(Data for review)

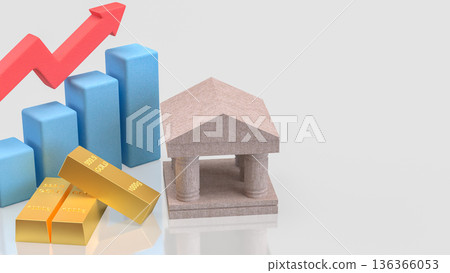 Gold Investment Growth Concept With Bank Building And Rising Chart 3d render. Gold Investment Growth Concept With Bank Building And Rising Chart 3d render. 136366053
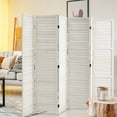 thumbnail image 2 of YODOLLA 6 Panel Wood Room Divider, 5.6 Ft Tall Folding Privacy Screen Room Divider, Freestanding Partition Wall Dividers for Office,White, 2 of 7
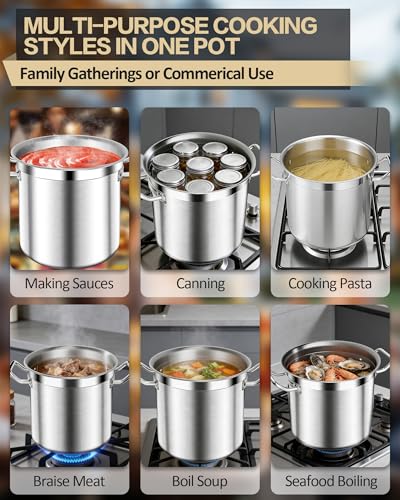 STOCKPOT Stainless Steel 20 Quart Stockpot with Tempered Glass Lid, 3-Ply Base, 8.8 lbs, Polished Finish, Suitable for Stovetop and Oven, Dishwasher Safe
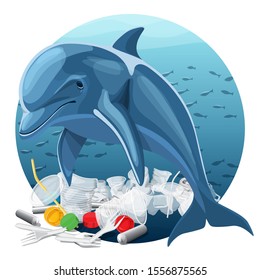 Vector Environment Pollution Illustration Of Dolphin. Ocean pollution. Ocean With Plastic Garbage And Dolphin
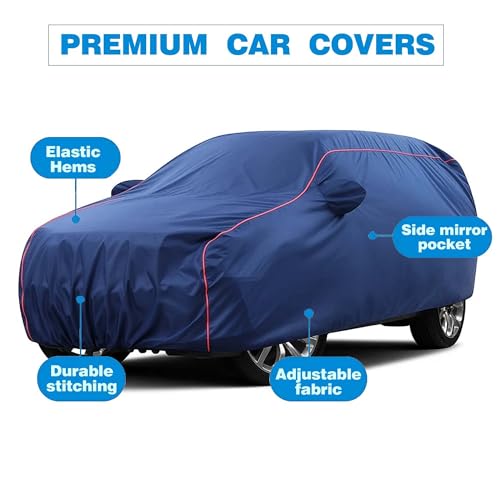 Image of Sulfar 100% Water Resistant Car Body Cover Compatible with Mirror for Maruti Suzuki Old Wagonr (Triple Stitched, Full Bottom Elastic, Blue Taffeta with Red Piping)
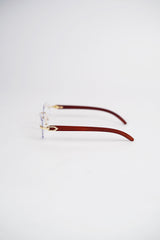 Buffalo Horn Rimless Wood Frame Sun glasses in Crystal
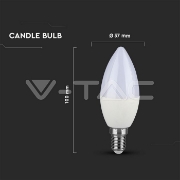 Imagine Bec LED V-TAC cu cip Samsung, formă lumânare, E14, 7W, lumină caldă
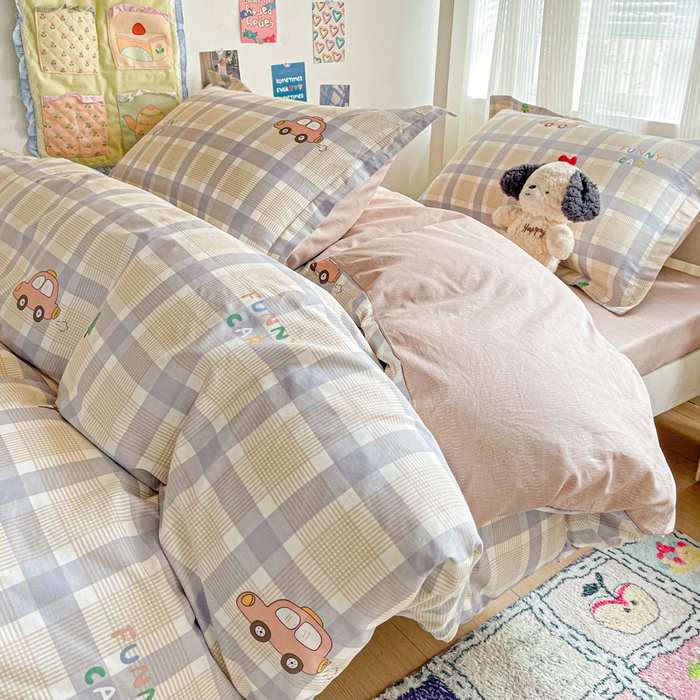 91家纺网 家纺一手货源 找家纺 卡普 2025新款爆款加厚卡通小清新全棉纯棉学生宿舍三件套床笠隔天可拿小汽车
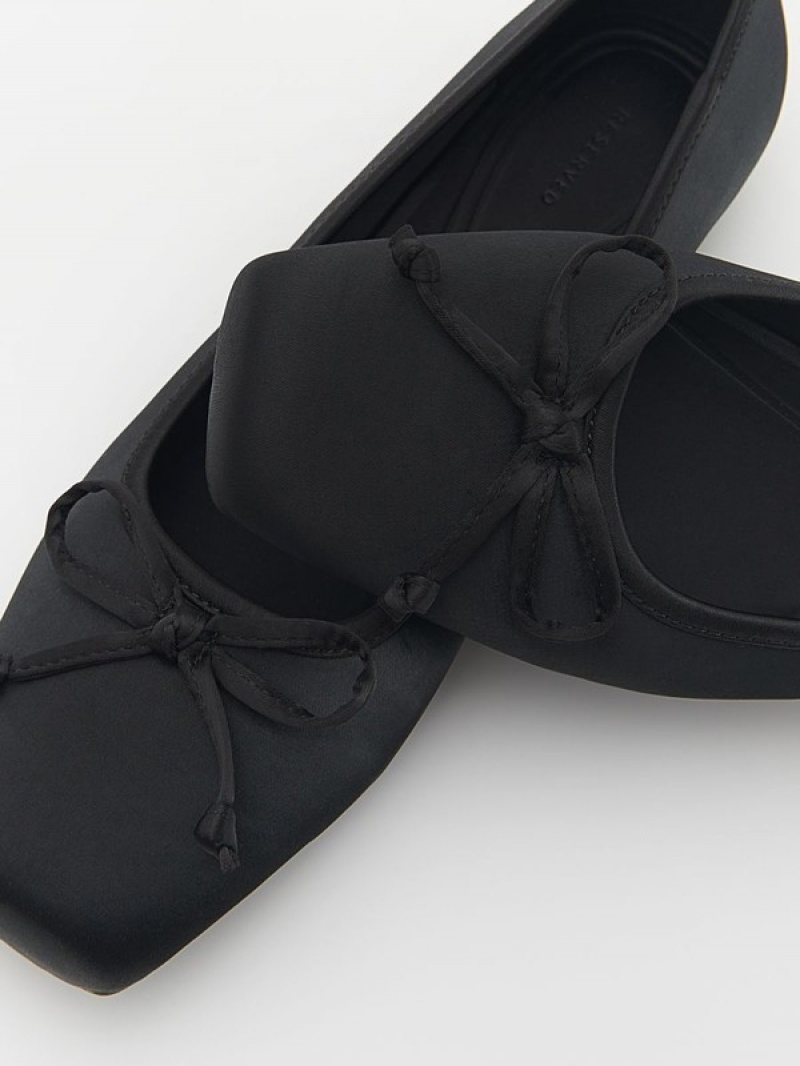 Reserved Ballerinasbow Detail Halbschuhe Damen Schwarz | 9832-KXGFO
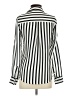 Express 100% Polyester Stripes Ivory Silver Long Sleeve Blouse Size XS - photo 2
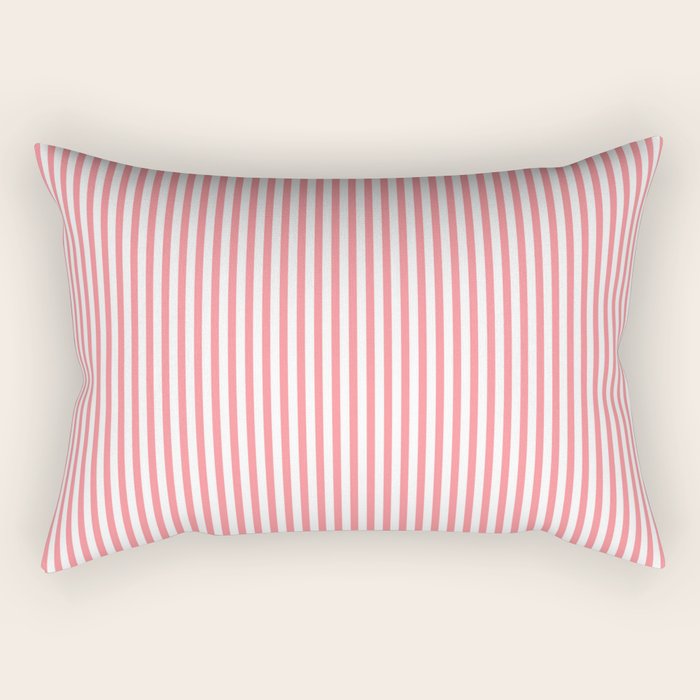 Pink Stripes Ultra Fine Stripe Narrow Vertical Pinstripe Pattern Rectangular Pillow Gallery Image 1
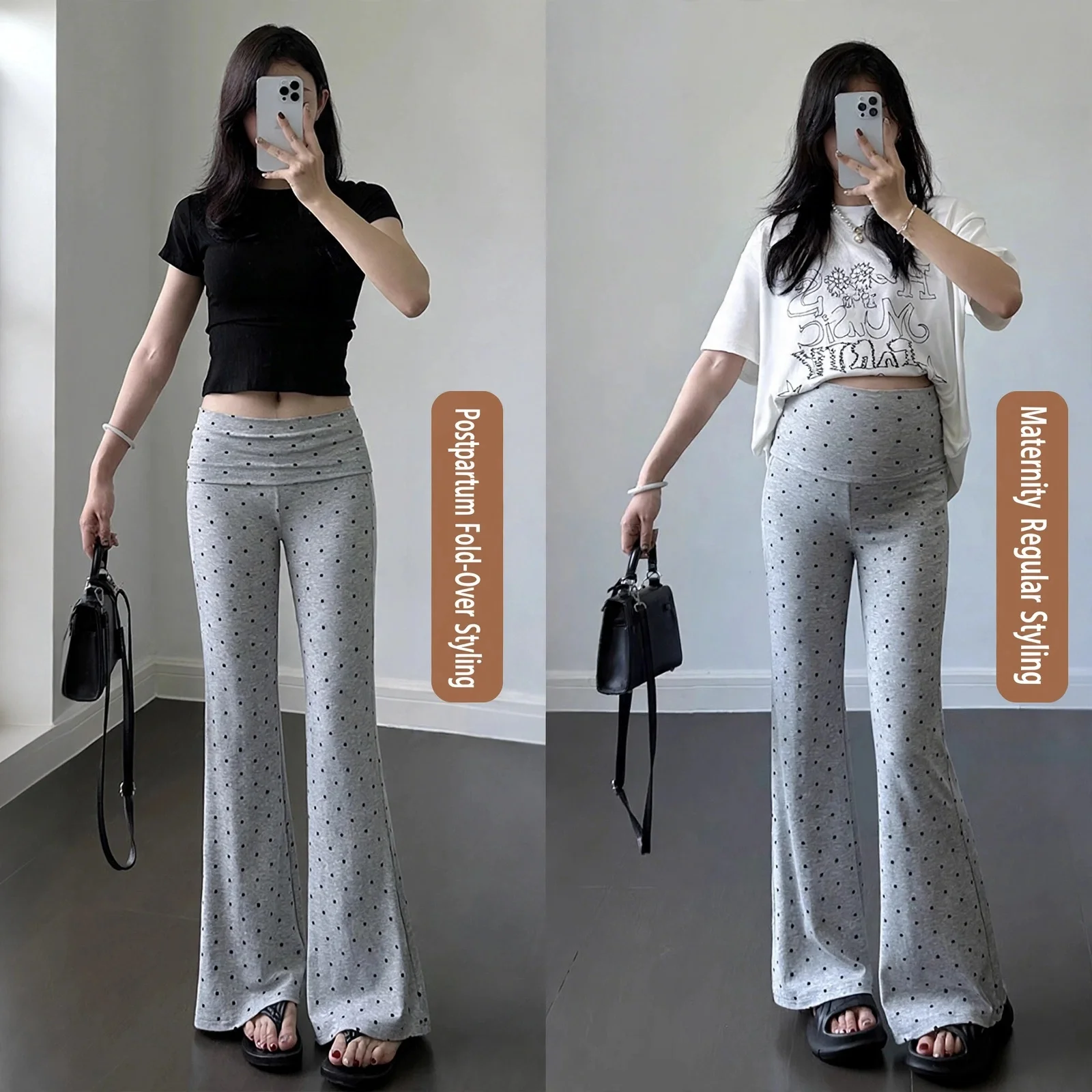 Maternity Pants Polka Dot High Waist Slim Fit Micro Flare Pregnant Women Spring Summer Daily Wear Home Travel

(End Data for review)

# What is needed:
Write the lines from the one with "Image of Sulfar" through the last line of the entries out again exactly, both ends included, and skip the pictures.

# Your response:
 Image of Sulfar 100% Water Resistant Car Body Cover Compatible with Mirror for Maruti Suzuki Old Wagonr (Triple Stitched, Full Bottom Elastic, Blue Taffeta with Red Piping)
 Buffalo Horn Rimless Wood Frame Sun glasses in Crystal
 Imagine Bec LED V-TAC cu cip Samsung, formă lumânare, E14, 7W, lumină caldă
 91家纺网 家纺一手货源 找家纺 卡普 2025新款爆款加厚卡通小清新全棉纯棉学生宿舍三件套床笠隔天可拿小汽车
 Reserved Ballerinasbow Detail Halbschuhe Damen Schwarz | 9832-KXGFO
 Express 100% Polyester Stripes Ivory Silver Long Sleeve Blouse Size XS - photo 2
 Pink Stripes Ultra Fine Stripe Narrow Vertical Pinstripe Pattern Rectangular Pillow Gallery Image 1
 Maternity Pants Polka Dot High Waist Slim Fit Micro Flare Pregnant Women Spring Summer Daily Wear Home Travel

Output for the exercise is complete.